And while yes building across multiple regions and AZs is a thing, AWS has had a string of issues where US-East 1 has broader impacts, which makes things far less redundant and resilient than AWS implies.
All the identity and access services for the public cloud outside of China (aka "IAM for the aws partition" to employees) are centralized in us-east-1. This centralization is essentially necessary in order to have a cohesive view of an account, its billing, and its permissions.
And IAM is not a wholly independent software stack: they rely on DynamoDB and a few other services, which in turn have a circular dependency on IAM.
During us-east-1 outages it's sometimes possible to continue using existing auth tokens or sessions in other regions, while not possible to grant new ones. When I worked there, I remember at least one case where my team's on-calls were advised not to close ssh sessions or AWS console browser tabs, for fear that we'd be locked out until the outage was over.
But then you want to use the same stack across providers and all the proprietary technologies (even hidden from you with things like terraform) are suddenly loosing their luster.

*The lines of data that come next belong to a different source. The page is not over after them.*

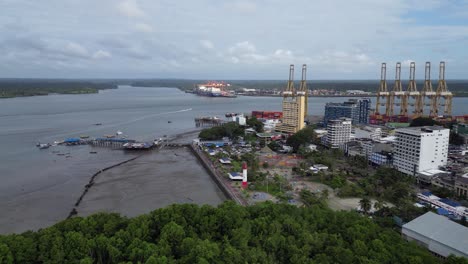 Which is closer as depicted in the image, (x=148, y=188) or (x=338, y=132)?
(x=148, y=188)

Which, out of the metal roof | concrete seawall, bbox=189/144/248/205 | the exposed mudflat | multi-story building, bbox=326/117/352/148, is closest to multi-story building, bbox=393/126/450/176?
multi-story building, bbox=326/117/352/148

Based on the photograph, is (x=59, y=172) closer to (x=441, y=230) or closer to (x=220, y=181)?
(x=220, y=181)

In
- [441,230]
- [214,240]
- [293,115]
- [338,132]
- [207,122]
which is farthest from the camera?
[207,122]

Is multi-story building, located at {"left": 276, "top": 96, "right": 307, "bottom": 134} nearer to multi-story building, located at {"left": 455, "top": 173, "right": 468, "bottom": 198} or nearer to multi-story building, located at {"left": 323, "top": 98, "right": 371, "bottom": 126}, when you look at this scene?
multi-story building, located at {"left": 323, "top": 98, "right": 371, "bottom": 126}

What people usually think is “resilience up to a reasonable level of risk and cost”.
Multi-cloud is simply isn’t cost beneficial for 99.9% of problems.

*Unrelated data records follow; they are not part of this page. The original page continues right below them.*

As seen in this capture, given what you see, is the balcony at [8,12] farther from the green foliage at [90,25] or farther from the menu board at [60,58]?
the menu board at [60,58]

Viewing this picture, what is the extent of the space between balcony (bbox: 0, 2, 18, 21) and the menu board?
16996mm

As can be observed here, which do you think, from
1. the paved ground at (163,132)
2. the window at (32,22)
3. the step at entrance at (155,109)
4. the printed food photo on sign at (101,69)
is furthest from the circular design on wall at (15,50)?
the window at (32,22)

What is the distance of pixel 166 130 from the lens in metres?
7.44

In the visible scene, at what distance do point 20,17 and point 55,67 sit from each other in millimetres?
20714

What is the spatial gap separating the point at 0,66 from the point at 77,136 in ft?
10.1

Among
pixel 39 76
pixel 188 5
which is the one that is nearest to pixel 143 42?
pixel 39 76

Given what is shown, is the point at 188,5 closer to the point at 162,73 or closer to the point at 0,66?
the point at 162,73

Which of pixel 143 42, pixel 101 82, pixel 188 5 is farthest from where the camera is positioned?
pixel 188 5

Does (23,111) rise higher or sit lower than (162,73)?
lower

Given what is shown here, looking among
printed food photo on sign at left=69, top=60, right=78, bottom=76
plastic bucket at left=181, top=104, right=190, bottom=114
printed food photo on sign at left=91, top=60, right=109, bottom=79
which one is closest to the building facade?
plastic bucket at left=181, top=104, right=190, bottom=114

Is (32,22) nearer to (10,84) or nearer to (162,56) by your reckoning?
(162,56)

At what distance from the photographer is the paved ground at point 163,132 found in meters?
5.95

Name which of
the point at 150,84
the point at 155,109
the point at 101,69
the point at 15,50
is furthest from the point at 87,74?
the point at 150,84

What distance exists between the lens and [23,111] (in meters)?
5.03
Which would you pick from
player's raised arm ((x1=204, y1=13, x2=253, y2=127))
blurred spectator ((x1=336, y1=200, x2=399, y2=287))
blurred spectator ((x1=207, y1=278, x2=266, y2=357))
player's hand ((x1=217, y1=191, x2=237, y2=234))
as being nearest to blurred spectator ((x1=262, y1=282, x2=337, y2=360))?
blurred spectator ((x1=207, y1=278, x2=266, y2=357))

And for a lot of businesses who talk about risk, saying “we followed AWS best practices but AWS went down” is an acceptable answer to the question of liability.

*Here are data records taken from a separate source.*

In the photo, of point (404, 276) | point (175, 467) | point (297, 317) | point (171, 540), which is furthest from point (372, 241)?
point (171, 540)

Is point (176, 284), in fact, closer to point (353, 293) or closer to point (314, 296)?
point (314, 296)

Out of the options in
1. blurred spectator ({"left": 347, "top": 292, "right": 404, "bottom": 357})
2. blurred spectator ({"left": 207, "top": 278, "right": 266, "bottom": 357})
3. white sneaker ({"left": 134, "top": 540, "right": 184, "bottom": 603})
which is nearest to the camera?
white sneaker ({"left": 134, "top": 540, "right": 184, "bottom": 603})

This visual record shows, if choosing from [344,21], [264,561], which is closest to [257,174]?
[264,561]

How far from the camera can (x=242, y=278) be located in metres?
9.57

If you are in a position where AWS going down is a reasonable risk, then you’re already in a specialised enough domain to have engineers who understand how to deliver HA across different vendors.
[Nitpick] There are a few more AWS partitions like GovCloud:
Yeah, "govcloud" is technically available to the public, although there are other partitions reserved for government use that are not, and the naming is a big hairy mess. Many service teams don't have any US-citizens-in-the-USA working for them, and they cannot in any way adequately support these regions.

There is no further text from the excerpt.